### Work request
Pull every line that includes the word "White" out of the data below and copy it.

[Dataset items]
================================

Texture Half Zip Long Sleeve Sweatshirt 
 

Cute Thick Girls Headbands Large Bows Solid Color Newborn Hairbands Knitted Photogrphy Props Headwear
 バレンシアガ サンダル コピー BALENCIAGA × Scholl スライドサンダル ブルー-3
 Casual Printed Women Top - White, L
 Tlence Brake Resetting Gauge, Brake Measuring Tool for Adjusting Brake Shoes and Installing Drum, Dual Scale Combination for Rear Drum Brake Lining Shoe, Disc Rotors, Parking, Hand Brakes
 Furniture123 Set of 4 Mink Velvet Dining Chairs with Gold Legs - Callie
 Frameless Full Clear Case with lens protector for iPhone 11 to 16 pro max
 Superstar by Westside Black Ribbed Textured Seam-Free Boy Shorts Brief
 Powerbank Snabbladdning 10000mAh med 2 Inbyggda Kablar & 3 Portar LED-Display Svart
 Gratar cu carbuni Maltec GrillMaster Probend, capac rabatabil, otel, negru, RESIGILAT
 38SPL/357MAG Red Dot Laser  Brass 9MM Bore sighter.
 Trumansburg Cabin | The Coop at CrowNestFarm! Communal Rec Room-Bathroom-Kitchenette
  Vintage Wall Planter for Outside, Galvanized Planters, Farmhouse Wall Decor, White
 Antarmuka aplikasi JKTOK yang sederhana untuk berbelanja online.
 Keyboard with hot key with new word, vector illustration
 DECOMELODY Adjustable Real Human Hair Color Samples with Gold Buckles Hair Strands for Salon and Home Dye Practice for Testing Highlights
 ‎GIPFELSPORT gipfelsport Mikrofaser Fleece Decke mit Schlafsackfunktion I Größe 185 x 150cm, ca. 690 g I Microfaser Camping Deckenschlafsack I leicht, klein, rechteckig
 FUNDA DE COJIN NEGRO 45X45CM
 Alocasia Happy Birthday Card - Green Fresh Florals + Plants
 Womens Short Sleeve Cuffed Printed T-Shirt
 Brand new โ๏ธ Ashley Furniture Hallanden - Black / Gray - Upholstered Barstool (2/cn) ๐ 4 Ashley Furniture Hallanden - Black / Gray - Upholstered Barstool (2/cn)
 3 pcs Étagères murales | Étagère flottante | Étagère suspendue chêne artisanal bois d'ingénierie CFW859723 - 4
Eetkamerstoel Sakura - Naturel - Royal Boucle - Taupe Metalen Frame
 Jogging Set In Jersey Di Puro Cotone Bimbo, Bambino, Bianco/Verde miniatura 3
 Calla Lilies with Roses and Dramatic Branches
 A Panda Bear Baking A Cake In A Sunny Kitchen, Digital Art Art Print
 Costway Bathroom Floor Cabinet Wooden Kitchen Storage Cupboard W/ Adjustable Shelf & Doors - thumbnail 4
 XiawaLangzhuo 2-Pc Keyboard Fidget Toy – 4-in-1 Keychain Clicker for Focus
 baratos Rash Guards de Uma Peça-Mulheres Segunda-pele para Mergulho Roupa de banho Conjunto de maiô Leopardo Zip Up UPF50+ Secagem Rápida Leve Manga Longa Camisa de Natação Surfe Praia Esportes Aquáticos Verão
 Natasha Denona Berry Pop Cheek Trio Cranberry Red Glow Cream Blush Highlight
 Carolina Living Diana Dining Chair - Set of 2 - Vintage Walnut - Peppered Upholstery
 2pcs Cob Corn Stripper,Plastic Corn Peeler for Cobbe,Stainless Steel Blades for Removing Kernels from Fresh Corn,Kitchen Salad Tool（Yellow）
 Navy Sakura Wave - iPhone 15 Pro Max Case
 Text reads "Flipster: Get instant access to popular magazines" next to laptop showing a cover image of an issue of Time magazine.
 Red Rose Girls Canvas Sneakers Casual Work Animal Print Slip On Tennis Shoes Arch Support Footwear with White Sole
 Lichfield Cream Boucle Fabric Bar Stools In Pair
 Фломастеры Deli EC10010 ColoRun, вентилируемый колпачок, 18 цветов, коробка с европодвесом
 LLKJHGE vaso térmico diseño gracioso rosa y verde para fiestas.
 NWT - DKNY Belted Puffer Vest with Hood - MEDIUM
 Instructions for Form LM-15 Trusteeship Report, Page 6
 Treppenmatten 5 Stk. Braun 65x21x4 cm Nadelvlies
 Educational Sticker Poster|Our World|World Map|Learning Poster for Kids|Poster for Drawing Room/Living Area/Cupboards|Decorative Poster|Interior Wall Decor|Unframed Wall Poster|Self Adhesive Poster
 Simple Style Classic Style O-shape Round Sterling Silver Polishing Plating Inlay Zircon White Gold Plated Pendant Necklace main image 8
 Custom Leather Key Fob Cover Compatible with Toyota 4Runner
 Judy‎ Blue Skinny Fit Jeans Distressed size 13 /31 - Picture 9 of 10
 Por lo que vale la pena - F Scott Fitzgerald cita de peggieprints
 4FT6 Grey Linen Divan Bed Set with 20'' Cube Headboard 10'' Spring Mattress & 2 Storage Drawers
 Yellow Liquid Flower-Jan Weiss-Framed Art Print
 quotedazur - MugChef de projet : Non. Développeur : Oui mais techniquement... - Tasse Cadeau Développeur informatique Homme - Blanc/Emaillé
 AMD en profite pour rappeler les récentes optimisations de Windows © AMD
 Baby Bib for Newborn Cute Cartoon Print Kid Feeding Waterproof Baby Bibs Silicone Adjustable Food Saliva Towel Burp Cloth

================================

### Exercise response
 Casual Printed Women Top - White, L
  Vintage Wall Planter for Outside, Galvanized Planters, Farmhouse Wall Decor, White
 Red Rose Girls Canvas Sneakers Casual Work Animal Print Slip On Tennis Shoes Arch Support Footwear with White Sole
 Simple Style Classic Style O-shape Round Sterling Silver Polishing Plating Inlay Zircon White Gold Plated Pendant Necklace main image 8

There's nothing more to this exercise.